"""
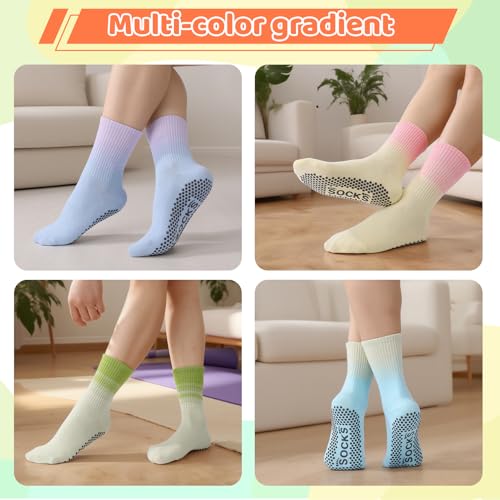 Image of Jspupifip 6 Pairs Non Slip Yoga Socks for Women, Gradient Pilates Socks with Grips for Yoga Ballet Dance Workout Home Hospital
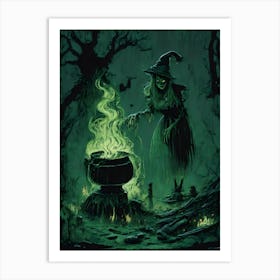 Witch's Brew in the Haunting Forest Art Print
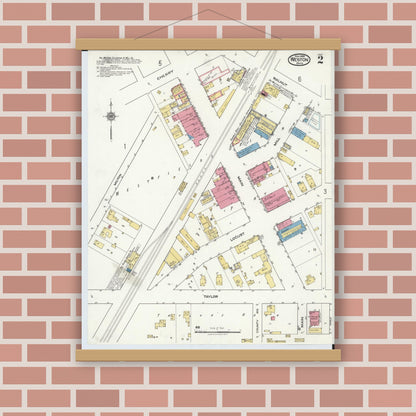 Old map wall art mockup — magnetic wood frame on brick wall — Sanborn Fire Insurance Map from Weston, Wood County, Ohio (1920), Sheet #0002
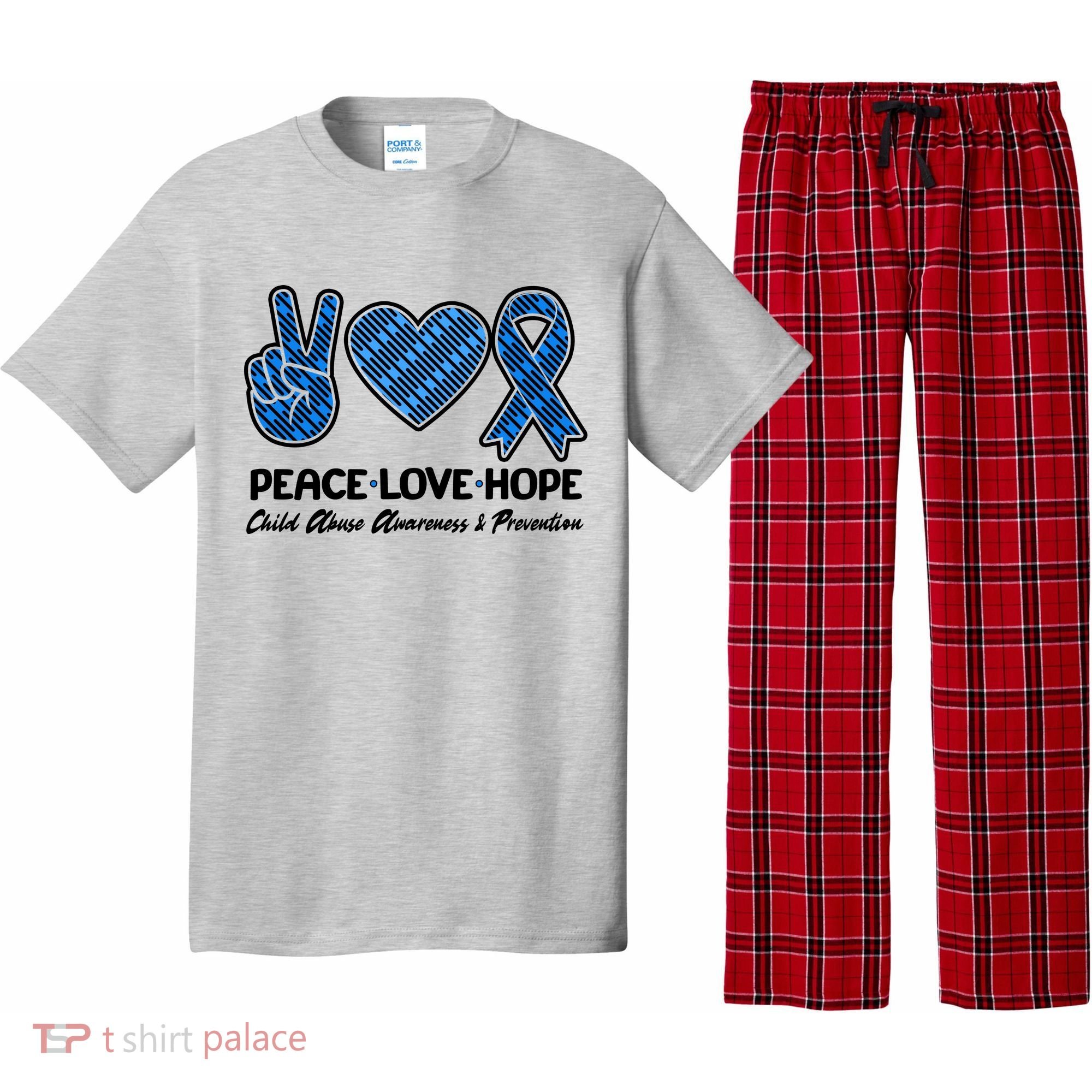 Peace Love Hope Child Abuse Awareness and Prevention Pajama Set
"""
• Problem statement:
Print the whole listing again exactly, please. No pictures.

• Reply:
 Image of Jspupifip 6 Pairs Non Slip Yoga Socks for Women, Gradient Pilates Socks with Grips for Yoga Ballet Dance Workout Home Hospital
 Witch's Brew in the Haunting Forest Art Print
 Old map wall art mockup — magnetic wood frame on brick wall — Sanborn Fire Insurance Map from Weston, Wood County, Ohio (1920), Sheet #0002
 Peace Love Hope Child Abuse Awareness and Prevention Pajama Set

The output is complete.